ADO Datareader Bug? Datareader creates additional(unexpected) cells when reading from Excel Spreadsheet  
Author Message
Lurcher





PostPosted: .NET Framework Data Access and Storage, ADO Datareader Bug? Datareader creates additional(unexpected) cells when reading from Excel Spreadsheet Top

I wanted to be able to interrogate an Excel spreadsheet and programmatically save all the worksheets as text files (.csv).
I succesfully managed to do this using the .NET COM interop Excel collection of interfaces but even though this works beautifully I thought it would be nice if I could achieve the same results using the ADO.net classes.

For the purpose of this query please regard an individual Exel worksheet as a 'table'.
Having coded this I find that the Jet4.0 Excel Database engine in conjunction with a DataReader does not interpret the 'table' in the same way as the COM interop interfaces. The problem being that where a cell contains a "," (comma) the ADO datareader interprets that cell as two cells.

Eg "16, The Ridings" is interpretted as two cells even though when viewed in Excel it is in one cell. The interop Excel.Worksheet.SaveAs(...) works fine and interprets the above as a single cell but the DataReader does not. There does not seem to be any propery I can set on the DataReader to alter its interpretation of the delimiter and there also does not seem to be any property on the connection or command objects that I can set to alter the DataReader's behaviour.
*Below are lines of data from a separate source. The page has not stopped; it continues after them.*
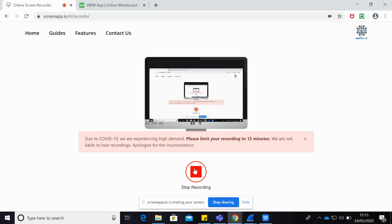Hello everyone, welcome back to our YouTube channel. Today we are going to discuss about the S1AP protocol.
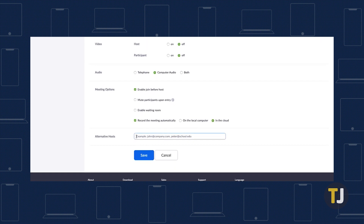Click schedule to finish scheduling your meeting, and your alternate host will receive an email announcing they've been added as a host. Alternate hosts can start and stop meetings at will, so keep that in mind before adding a new host.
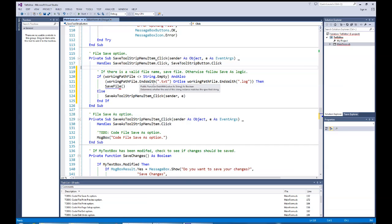Let's talk about what we're doing in this part of the code. When we hit Save from the menu strip or tool strip, both click events come into this procedure. We look at the working path file — if it's not an empty string and it ends with a .TXT or .LOG extension, we have a valid file and go into the save file procedure. Otherwise, we don't have a valid working path file, so we treat it as a Save As.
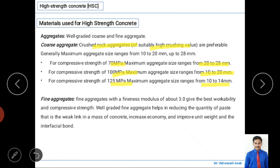Fine aggregate also plays a major role. Fine aggregate with a fineness modulus of about 3 gives the best workability and compressive strength. Well-graded fine aggregate helps in reducing the quantity of paste, which increases economy and improves unit weight. It also improves the bond between coarse aggregate, fine aggregate, and other materials.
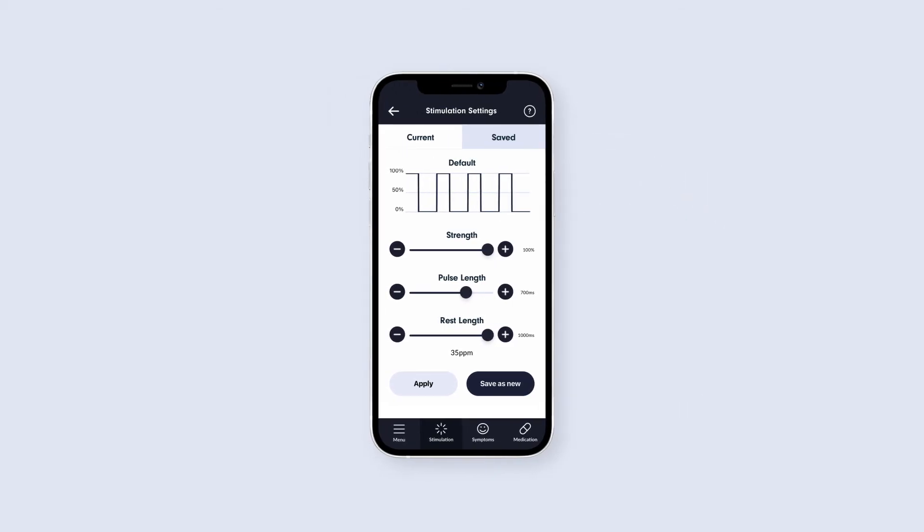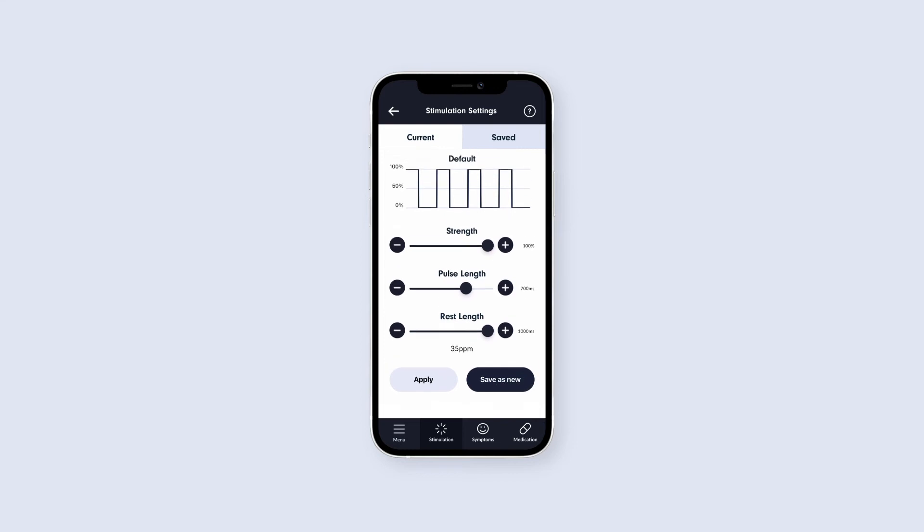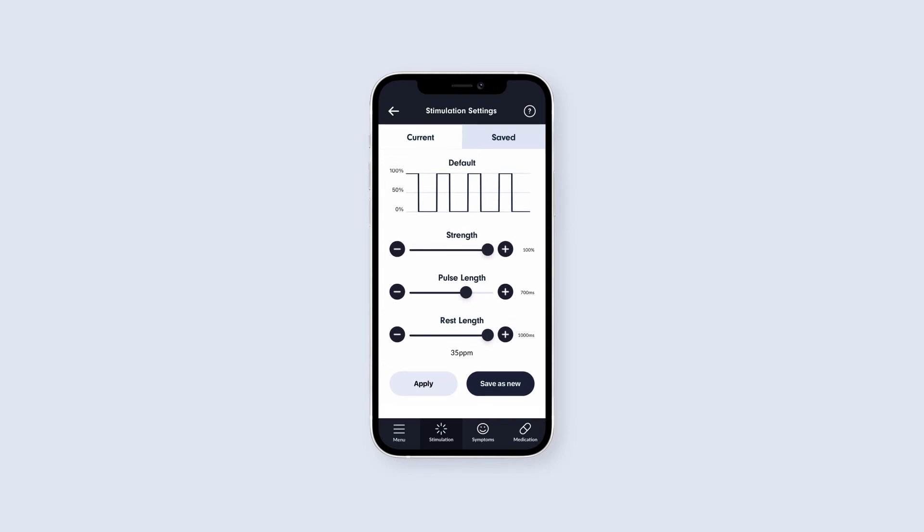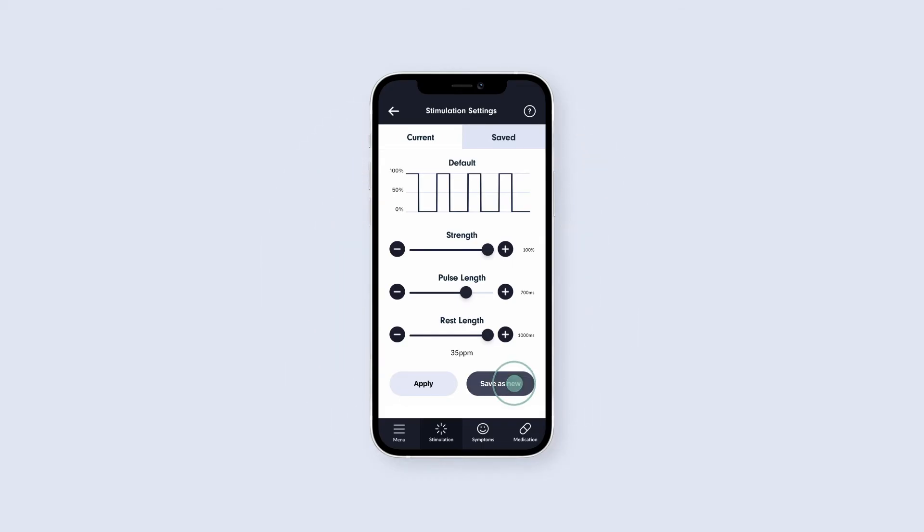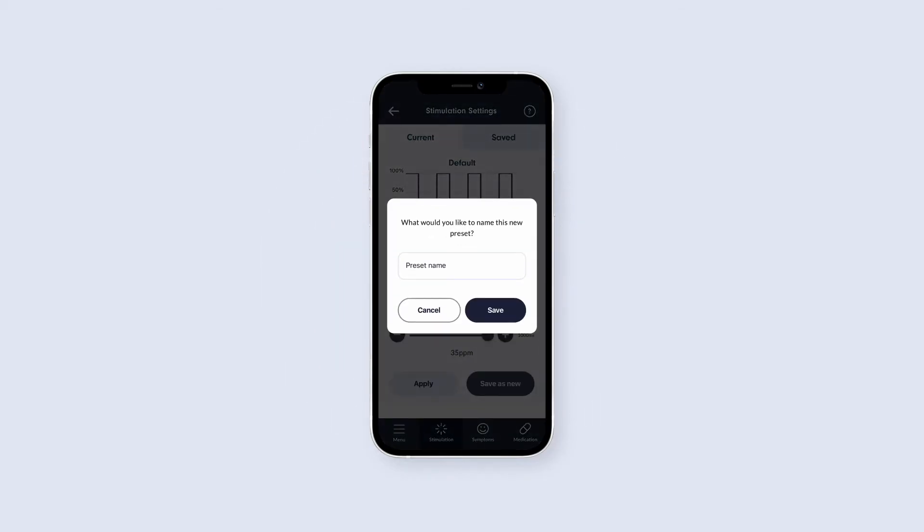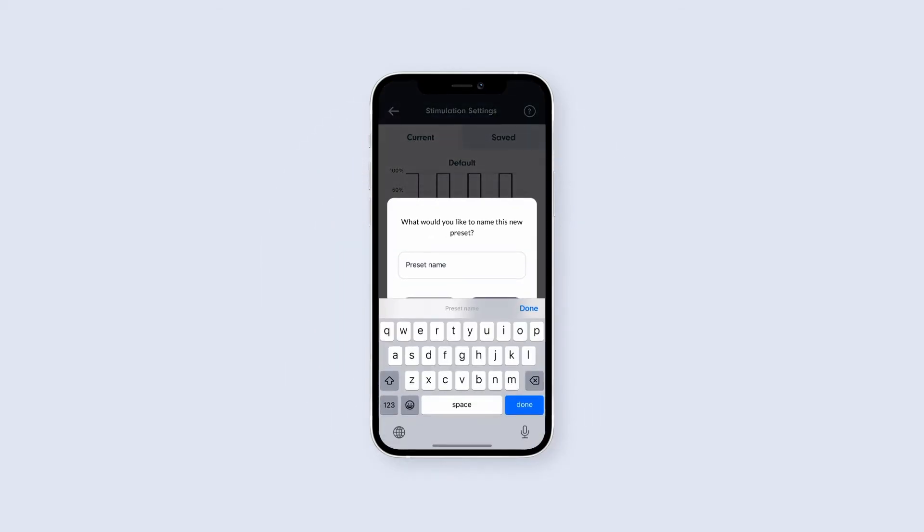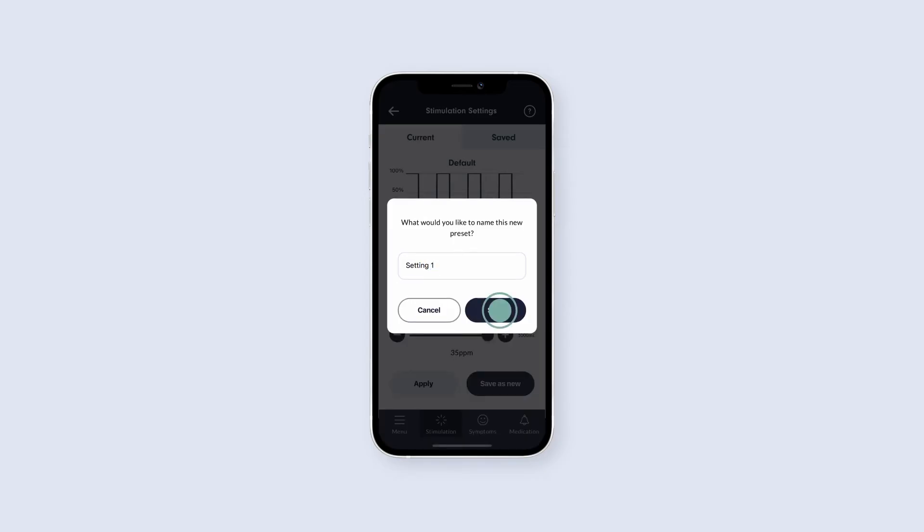Once you've adjusted the sliders, make sure to tap Apply or Save as New at the bottom of the screen. You may need to scroll down to see these. Pressing either of the buttons will change the current stimulation settings on your Q1, but the Save as New function will also save this specific stimulation configuration on the application, so you can easily return to it in the future.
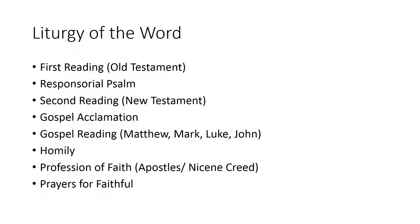The Liturgy of the Word consists of a variety of readings. The first reading is always the Old Testament. That can be done by anyone that's tasked to read it. Same with Responsorial Psalm. The second reading is always from the New Testament but not a Gospel reading. Then we stand up for the Gospel reading from Matthew, Mark, Luke or John and that's always done by the priest.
I am unable to figure out how to override this undesirable behaviour and wondered if anyone has come across this problem Is this a bug

Any help would be appreciated - Here is the connection string and the code:

Connection string:

Provider=Microsoft.Jet.OLEDB.4.0;Data Source=C:\TestFiles\TestFile.xls;Extended Properties="Excel 8.0;HDR=Yes;IMEX=1"

private void DisplaySomeRows()

{

if (openFileDialog1.ShowDialog() == DialogResult.OK)

{

_fileNameandPath = openFileDialog1.FileName;

GetWorkSheetNames(_fileNameandPath);

}

string conn = GetConnectionString(_fileNameandPath);

lblConnectionstring.Text = conn;

DbProviderFactory factory = DbProviderFactories.GetFactory("System.Data.OleDb");

using (DbConnection connection = factory.CreateConnection())

{

connection.ConnectionString = conn;

using (DbCommand command = connection.CreateCommand())

{

//Create a directory based on the Spreadsheet name to store the csv versions of the worksheets

string newDirectory = _fileNameandPath.Remove(_fileNameandPath.LastIndexOf("."));

if (!Directory.Exists(newDirectory))

Directory.CreateDirectory(newDirectory);

foreach (string workSheetName in _workSheets)

{

//Create a csv file for this worksheet

StreamWriter sw = File.CreateText(newDirectory + "\\" + workSheetName + ".csv");

// Worksheets are referenced by their worksheet names -We require all rows from the worksheet

command.CommandText = "SELECT * FROM [" + workSheetName + "$]";

if (connection.State != ConnectionState.Open)

connection.Open();

StringBuilder dataLine = new StringBuilder();

//Populate the DataReader with data from the worksheet

using (DbDataReader dr = command.ExecuteReader())

{

while (dr.Read())

{

//Reset the string builder

dataLine.Remove(0, dataLine.Length);

for (int fieldCount = 0; fieldCount < dr.FieldCount; fieldCount++)

{

dataLine.Append(dr[fieldCount]);

if (fieldCount != dr.FieldCount - 1)

dataLine.Append(",");

}

sw.WriteLine(dataLine);

}

sw.Close();

}

}

}

}

}




.NET Development5  
 
 
Sarah Parra - MSFT





PostPosted: .NET Framework Data Access and Storage, ADO Datareader Bug? Datareader creates additional(unexpected) cells when reading from Excel Spreadsheet Top

I don't think the DataReader is the problem here. If you look at the data in the reader itself, you should see that your data with the comma is still a single field. In other words, if you print the data to the screen instead of to the file, you should see that the comma stays inside of the data and doesn't cause the field to split into two.

However, if you look at the logic you're using to create the dataLine value, that appears to be where the problem is.

If you have a row with Field1="sarah", Field2="1, fieldValue", and Field3="parra", your dataLine string is going to end up like this: "sarah, 1, fieldValue, parra". There is no distinction between a comma that's part of the data, and one that's the delimiter.

You need to surround your field values with quotes so Excel can tell the difference. Change this line:

dataLine.Append(dr[fieldCount]);

to this:

dataLine.Append("\"" + dr[fieldCount] + "\"");

Thanks,
Sarah

Please Mark as Answer if this answers your question, or Unmark as Answer if it is marked and you feel it is not answered.